Start of DATASET RECORDS
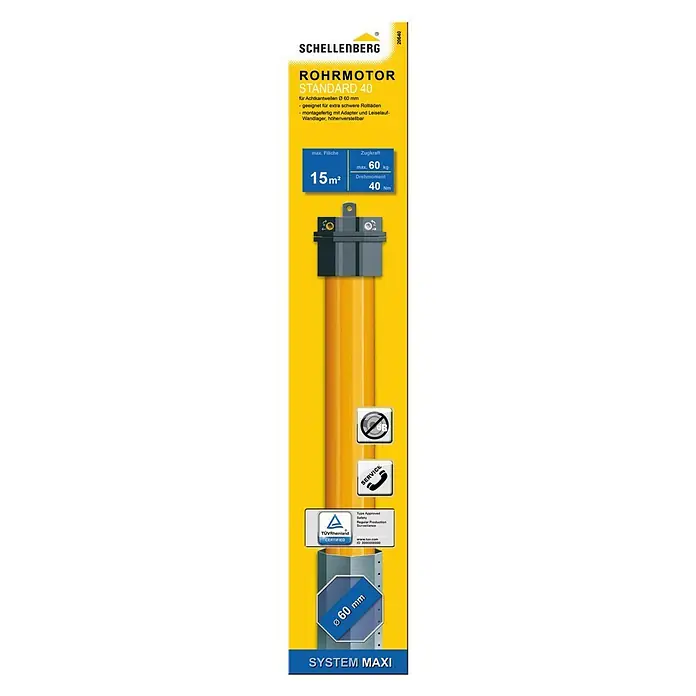 Schellenberg Rohrmotor Maxi Standard - Max. Rollladenfläche: 15,5 m² bei Aluminiumrollläden, Einbaulänge: 570 mm, Zugkraft: 60 kg - Vorderansicht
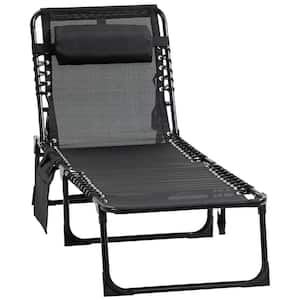 Reclining Portable Metal Outdoor Lounge Chair, Sun Lounger with Adjustable Backrest and Removable Pillow in Black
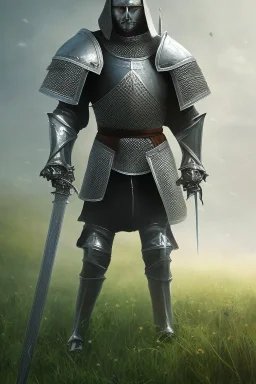 medieval knight walking dramatically toward the viewer, sword in hand. A skeleton on his back.Full body image, with no helmet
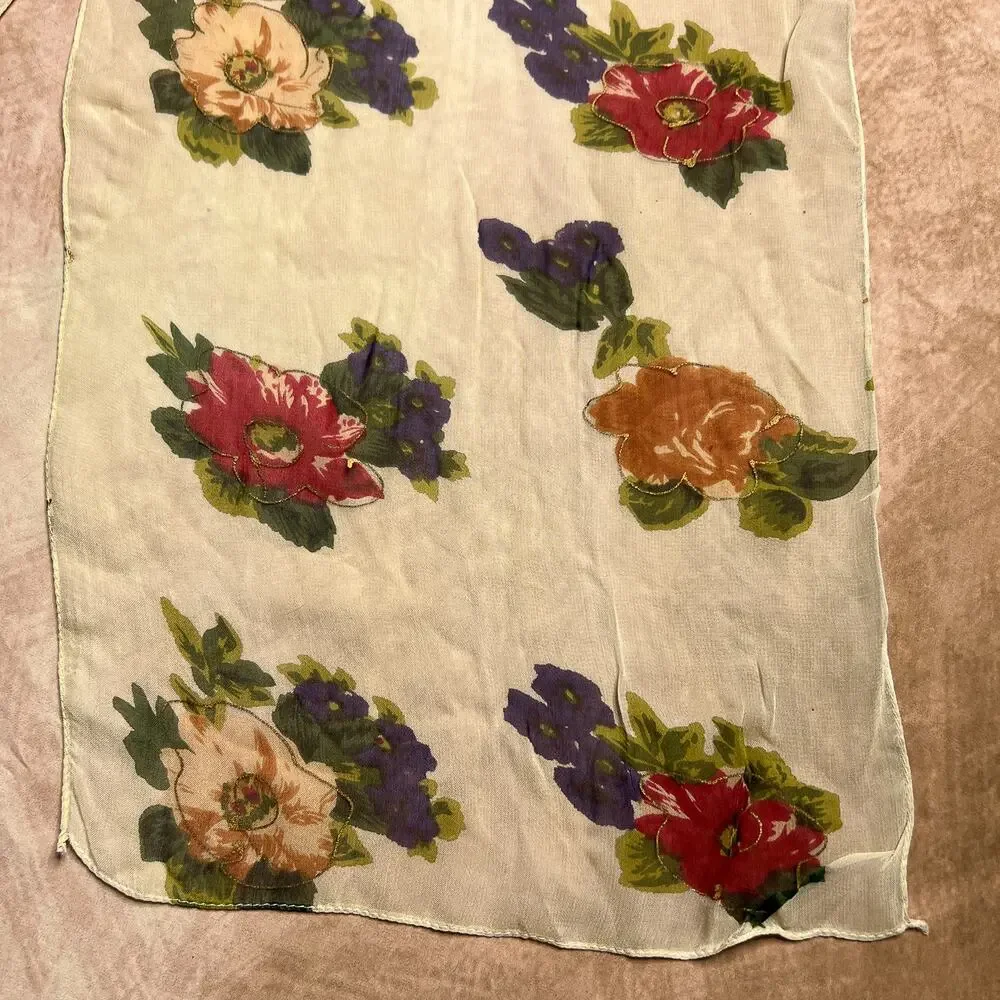 Vintage 90s Berkshire Floral Mesh Scarf Neckerchief Ascot Sheer Retro Mod Boho
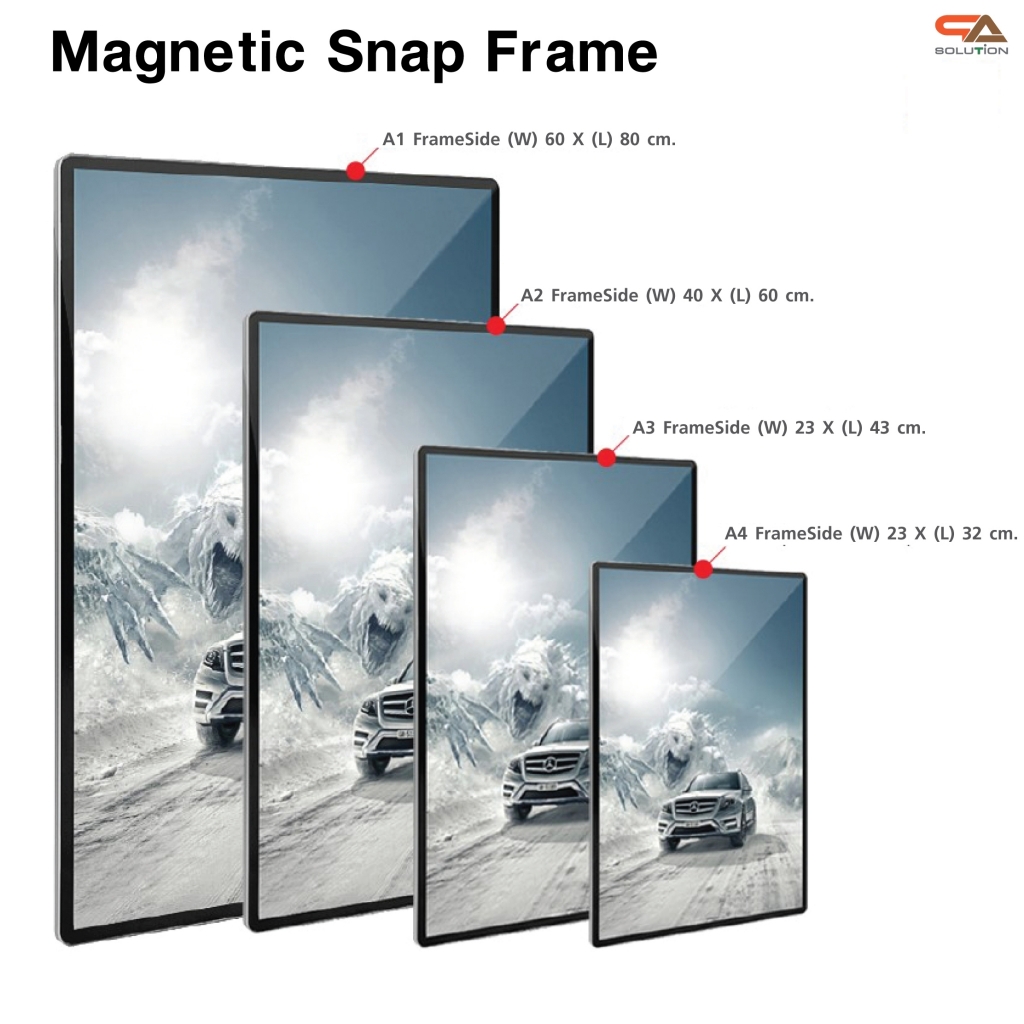 magnetic-snap-frame-กรอบรูป-กรอบภาพอะลูมิเนียม-กรอบใส่โปสเตอร์-เปลี่ยนภาพได้ง่าย-หนาเพียง-1-cm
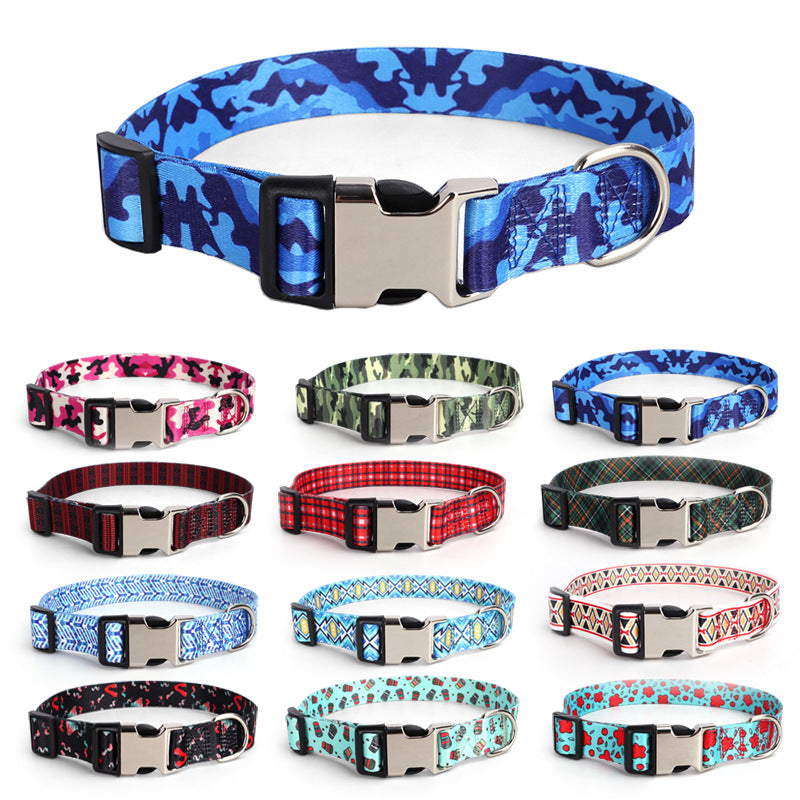 KFX-3568957 Thickened Digital-Print Pet Collar in Various Patterns and Sizes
End of DATASET RECORDS
**TASK INSTRUCTIONS:** Pictures are to be left out; otherwise, copy exactly each line from the one containing "Vintage 90s Berkshire" through the last line of the listing.

**RESPONSE AREA:**
 Vintage 90s Berkshire Floral Mesh Scarf Neckerchief Ascot Sheer Retro Mod Boho
 magnetic-snap-frame-กรอบรูป-กรอบภาพอะลูมิเนียม-กรอบใส่โปสเตอร์-เปลี่ยนภาพได้ง่าย-หนาเพียง-1-cm
 KFX-3568957 Thickened Digital-Print Pet Collar in Various Patterns and Sizes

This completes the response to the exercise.